Si j’ai des difficultés à accepter cette phrase, c’est parce qu’elle trahit de façon exemplaire un refus de se déprendre qui traverse tout l’exposé. Il est à mon sens regrettable que l’on puisse exalter la générosité et la solidarité sans être autrement attentif à cet ethnocentrisme insidieux qui nous pousse à voir la vertu dans tout ce qui nous est proche et le vice dans tout ce qui nous est quelque peu étranger.

Je ne puis davantage approuver ce que Laurent Ledoux dit de la religion lorsqu’il la distingue de la morale. On appelle généralement religion ce que fut pour nous le christianisme et, par extension, tout ce que nous croyons y correspondre dans d’autres sociétés, plus anciennes ou plus lointaines. Mais les croyances grecques antiques, par exemple, que nous appelons religion, représentent un phénomène social extrêmement différent du christianisme et partage avec lui bien peu de points communs. Au point qu’il n’est pas faux de penser que l’usage ainsi étendu du mot religion est plus trompeur qu’autre chose. Tout cela pour dire qu’il est assez hardi de prétendre que la religion, à l’inverse de la morale, ne serait pas désintéressée. Outre que – selon moi –, toute morale obéit à l’intérêt, je suis assez enclin à admettre que la religion, ou en tout cas certains de ses aspects – notamment ceux qui sont liés à la croyance –, sont relativement désintéressés.

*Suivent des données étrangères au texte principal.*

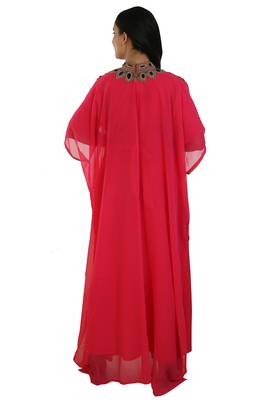Pink Georgette Embroidered Zari Work Islamic Kaftans 4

Cela dit, je ne commenterai pas davantage ce que Laurent Ledoux dit du droit, de la politique et de l’amour dans leurs rapports avec la morale.

3. A propos de ce que Laurent Ledoux dit de l’éthique (concepts-clés)

Je serai bref sur la question de l’éthique, parce que je pense que – pour l’essentiel – je ne pourrais que répéter ici ce que j’ai déjà dit à propos de la morale.

La manière dont Laurent Ledoux distingue l’éthique de la morale coïncide avec l’usage que Marcel Conche fait de ces deux mots. Il s’agit somme toute de rejeter hors du champ de la morale les mœurs qui n’obéiraient pas suffisamment à celles des consignes vertueuses que l’on considère comme les plus hautes, donc les plus universalisables. Ainsi, la valeur que les gangsters accordent à l’omerta ne serait pas morale, mais simplement éthique (17). Pourtant, si l’on fait abstraction du contenu propre de la valeur et du contexte dans lequel elle s’inscrit et que l’on ne tient compte que de la force de la consigne et de la légitimité qu’on lui accorde, rien ne distingue la morale spécifique de la mafia de la morale de ceux qui la combattent. Mes préférences vont sans aucun doute vers la morale des honnêtes gens – ne serait-ce que parce que je crains la puissance de la mafia –, mais rien ne m’autorise à prétendre que leur morale est moins morale que la mienne. Car aucune morale, pas plus la mienne que la leur, n’a de fondement absolu.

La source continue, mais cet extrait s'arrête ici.